## [PROBLEM STATEMENT]
Retype the listing found below exactly, but leave out each picture.

## [DATA]
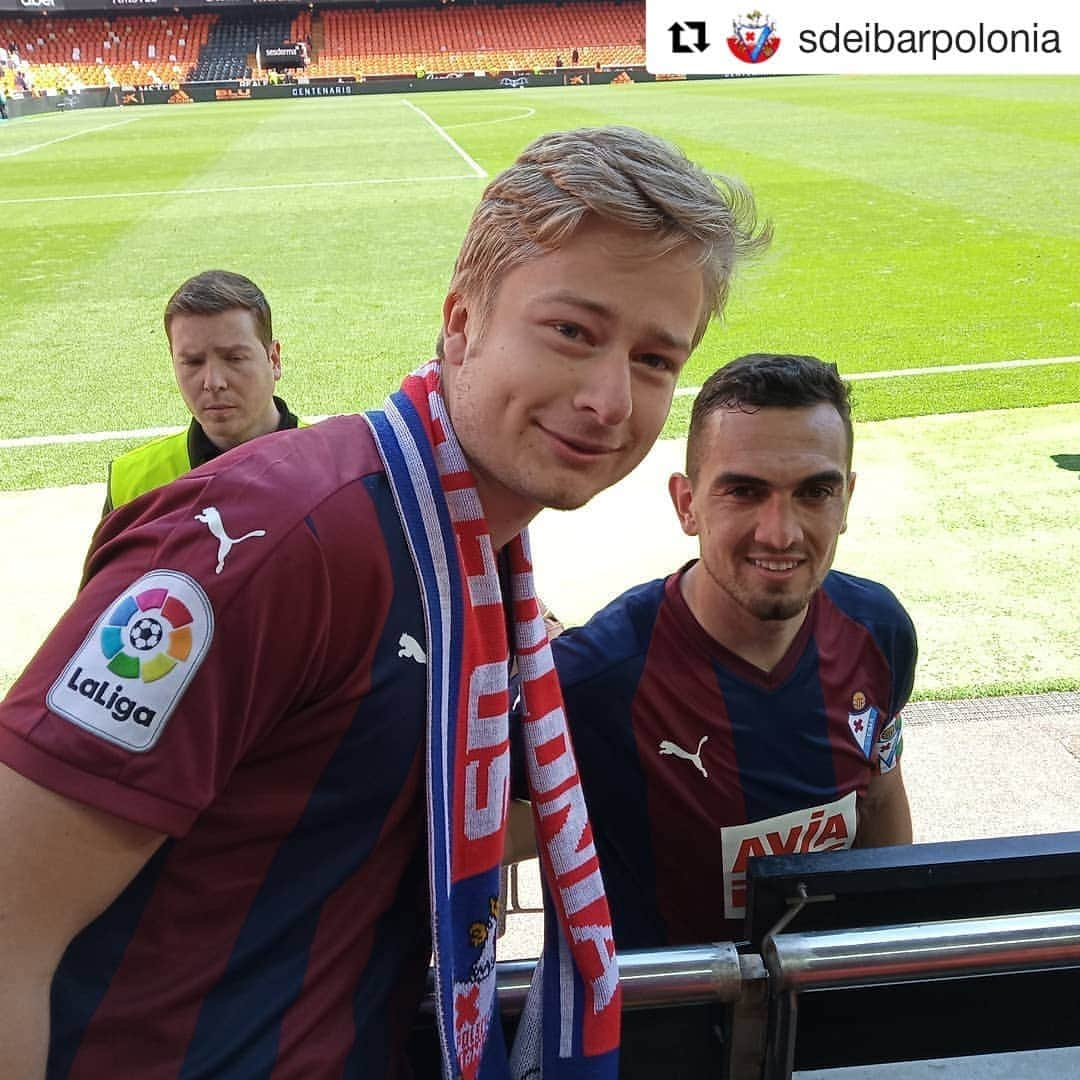 SDエイバルさんのインスタグラム写真 - (SDエイバルInstagram)「🤗 #Repost @sdeibarpolonia #eibarfans ・・・ Gracias @sdeibar! Inolvidable experiencia! AUPA EIBAR! 🔴🔵」5月2日 23時03分 - sdeibar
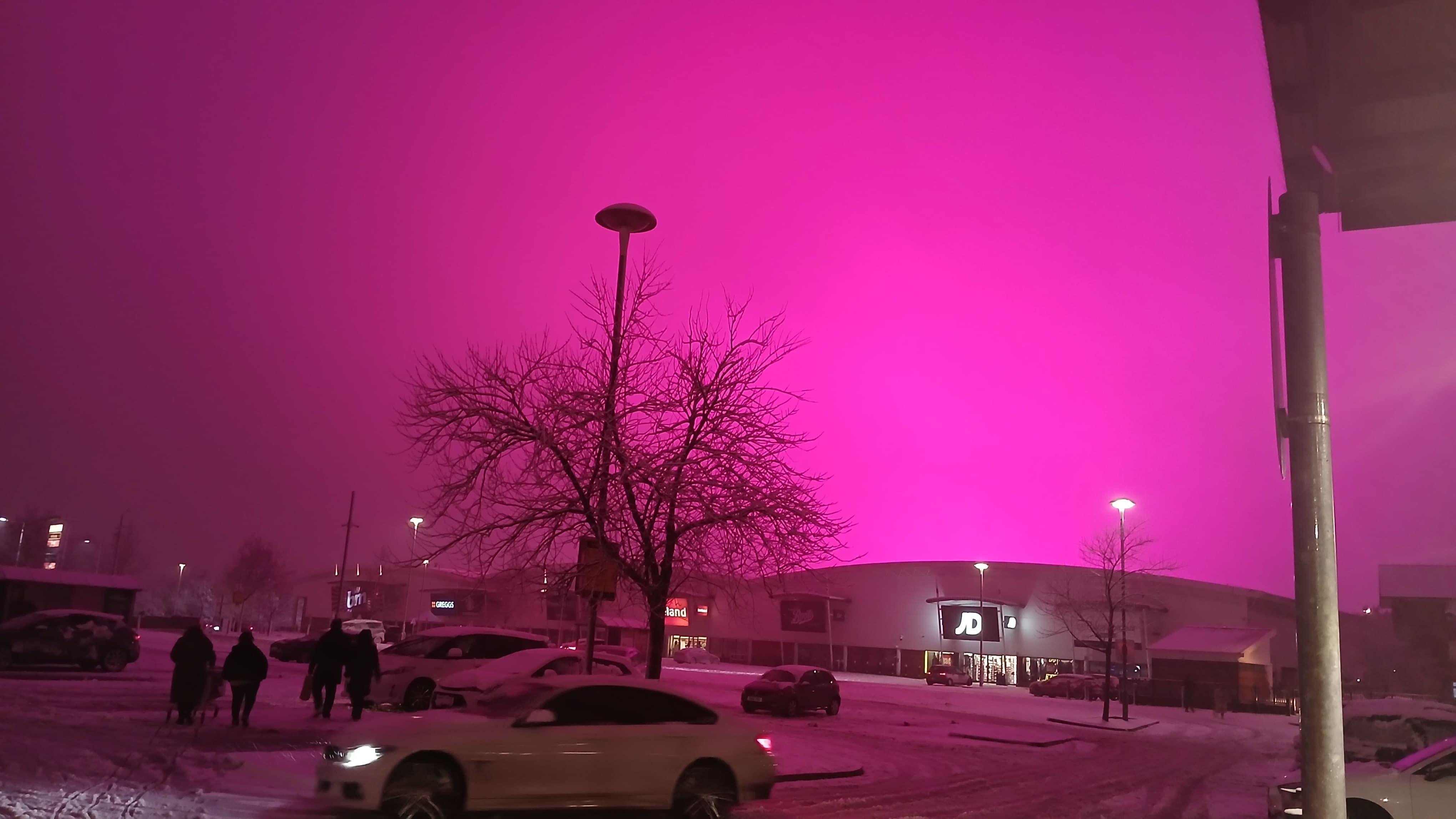 Nebo obojeno u roze: 'Misteriozna' svetlost iznad Birmingema 7 Birmingem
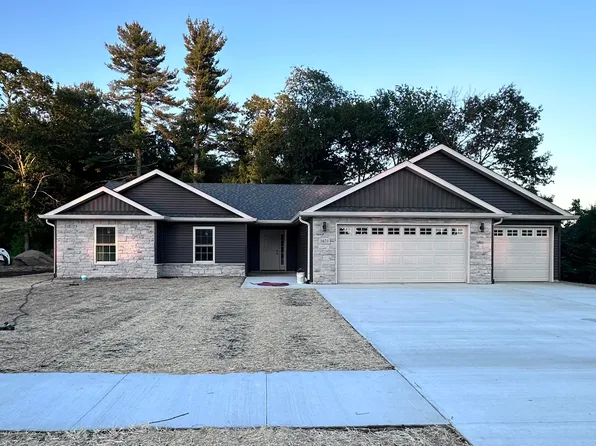 1621 Elderberry St SE, Demotte, IN 46310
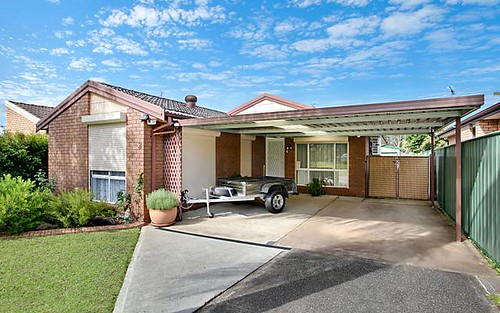 3 Dalkeith Place, St Helens Park NSW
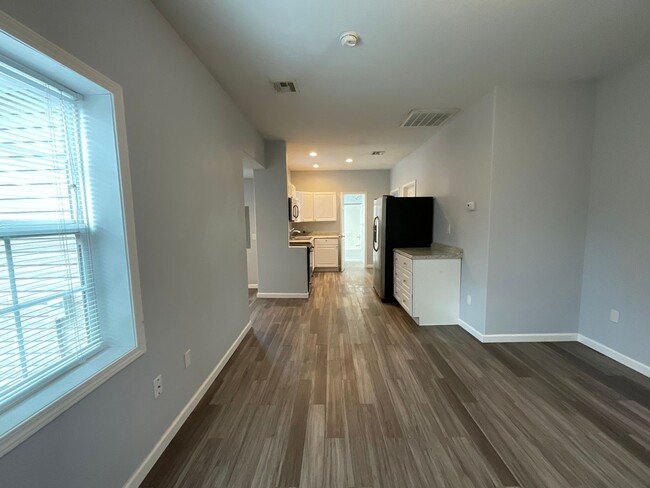 Building Photo - Cute and Open 2 Bed 1 Bath Home for rent i...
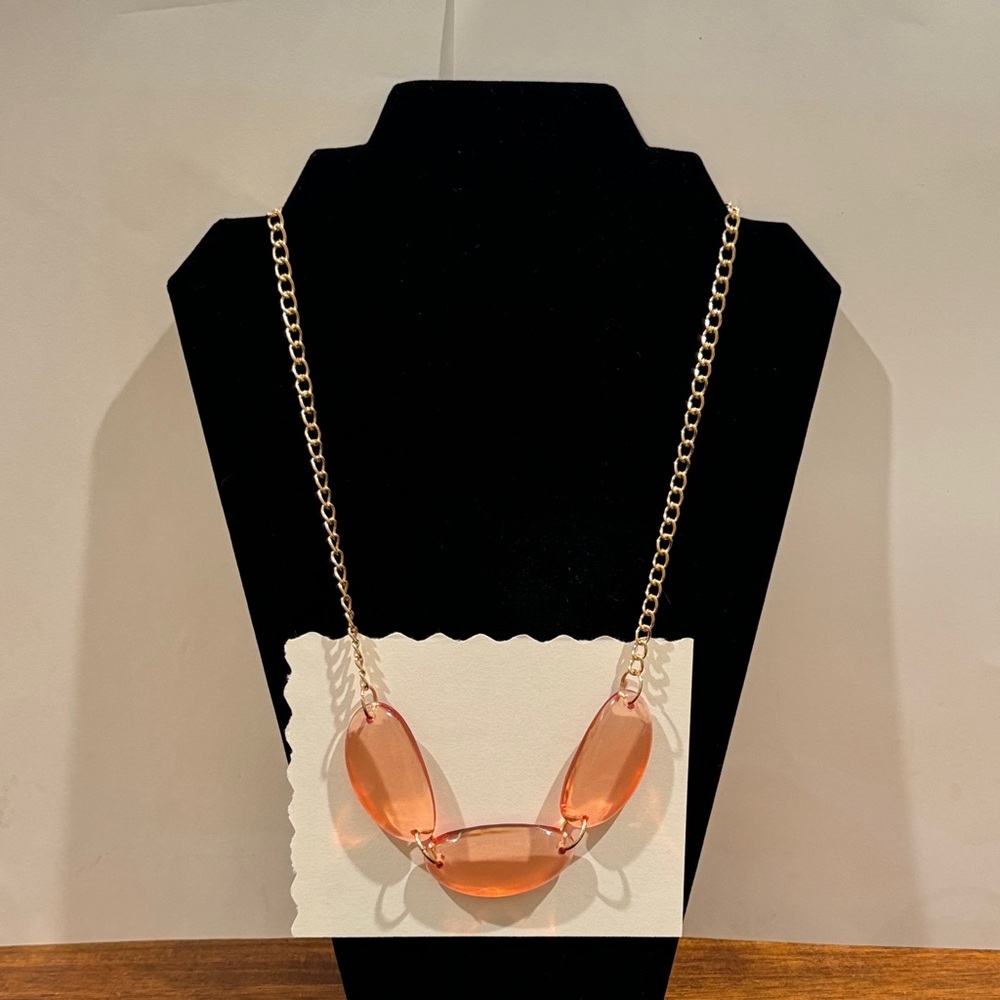 🔺FREE WHEN BUNDLED🔺 Gold and Pink Necklace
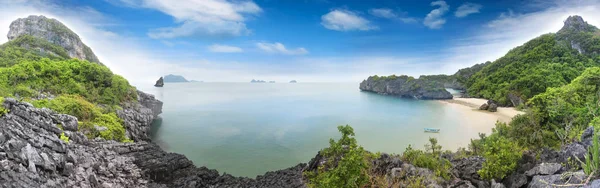 Panoramalandschaft mit Insel und Sandstrand am Songpeenong Beach — Stockfoto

## [EXERCISE OUTPUT]
 SDエイバルさんのインスタグラム写真 - (SDエイバルInstagram)「🤗 #Repost @sdeibarpolonia #eibarfans ・・・ Gracias @sdeibar! Inolvidable experiencia! AUPA EIBAR! 🔴🔵」5月2日 23時03分 - sdeibar
 Nebo obojeno u roze: 'Misteriozna' svetlost iznad Birmingema 7 Birmingem
 1621 Elderberry St SE, Demotte, IN 46310
 3 Dalkeith Place, St Helens Park NSW
 Building Photo - Cute and Open 2 Bed 1 Bath Home for rent i...
 🔺FREE WHEN BUNDLED🔺 Gold and Pink Necklace
 Panoramalandschaft mit Insel und Sandstrand am Songpeenong Beach — Stockfoto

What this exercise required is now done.